The Archdiocese of Munich and Freising announced yesterday a sensational find for philosophy and the history of thought. A researcher located in the diocesan library five boxes with unpublished transcripts of lectures given by Georg Wilhelm Friedrich Hegel (1770-1831), the great philosopher of German idealism. The study of the 4,000 pages of notes found could shed new perspectives on Hegel's thought.
“Such an amazing and lucky discovery is only possible once in a lifetime, and it is comparable to finding a new Mozart score,” said the researcher responsible for the find, Klaus Vieweg, a Hegel biographer and professor at the University of Jena.
Georg Wilhelm Friedrich Hegel defended the primacy of ideas over things, considered that ideas exist independently, and argued that reality is a construct of the mind. He captured his absolute idealism in three fundamental works: Phenomenology of Spirit, Science of Logic and Encyclopedia of Philosophical Sciences.
But some parts of Hegel's philosophy are only documented through transcripts of his lectures, and analysis of the annotations made it possible to understand his way of philosophizing as a 'work in progress', maintains the Munich archdiocese. Among the papers found in Munich is a transcript of a lesson on aesthetics that he gave in Heidelberg, which is known to have been delivered by him but whose content was previously unknown.
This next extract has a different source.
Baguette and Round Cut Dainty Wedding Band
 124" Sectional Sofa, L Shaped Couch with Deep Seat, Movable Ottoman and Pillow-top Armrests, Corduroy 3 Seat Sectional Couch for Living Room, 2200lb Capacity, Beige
The exhaustive notes were made by one of Hegel's first students at the University of Heidelberg, the later Catholic writer and politician Friedrich Wilhelm Carove (1789-1852), who was a prominent intellectual at the time. The manuscripts now discovered are believed to have ended up in the Munich library as a bequest from a theologian from the archdiocese whose father was a friend of Carove's, who at some point gave them to him.